---------- Exercise inputs ----------

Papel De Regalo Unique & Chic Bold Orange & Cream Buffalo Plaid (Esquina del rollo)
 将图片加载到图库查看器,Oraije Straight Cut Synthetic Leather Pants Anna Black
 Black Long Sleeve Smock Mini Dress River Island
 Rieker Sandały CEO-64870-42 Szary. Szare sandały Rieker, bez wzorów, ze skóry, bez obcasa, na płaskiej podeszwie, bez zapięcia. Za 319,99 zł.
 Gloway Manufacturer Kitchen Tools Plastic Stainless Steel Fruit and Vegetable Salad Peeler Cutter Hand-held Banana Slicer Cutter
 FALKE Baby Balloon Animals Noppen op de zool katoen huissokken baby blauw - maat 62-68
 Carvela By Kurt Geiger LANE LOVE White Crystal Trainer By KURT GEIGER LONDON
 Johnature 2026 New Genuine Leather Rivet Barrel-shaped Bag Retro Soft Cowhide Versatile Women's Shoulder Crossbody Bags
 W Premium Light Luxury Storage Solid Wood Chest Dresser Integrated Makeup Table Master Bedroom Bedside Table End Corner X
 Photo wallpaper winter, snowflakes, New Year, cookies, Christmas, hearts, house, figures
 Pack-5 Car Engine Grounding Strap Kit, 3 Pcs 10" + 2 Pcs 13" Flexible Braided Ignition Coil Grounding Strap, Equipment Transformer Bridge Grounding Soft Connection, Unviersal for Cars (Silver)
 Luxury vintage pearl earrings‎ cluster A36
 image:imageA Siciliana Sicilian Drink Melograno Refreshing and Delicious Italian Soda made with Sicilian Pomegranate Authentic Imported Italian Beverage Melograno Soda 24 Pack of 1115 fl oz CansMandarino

----------

Directions for this task » Every line in the records above that contains the word "Leather" is to be copied out.

Expected answer »
 将图片加载到图库查看器,Oraije Straight Cut Synthetic Leather Pants Anna Black
 Johnature 2026 New Genuine Leather Rivet Barrel-shaped Bag Retro Soft Cowhide Versatile Women's Shoulder Crossbody Bags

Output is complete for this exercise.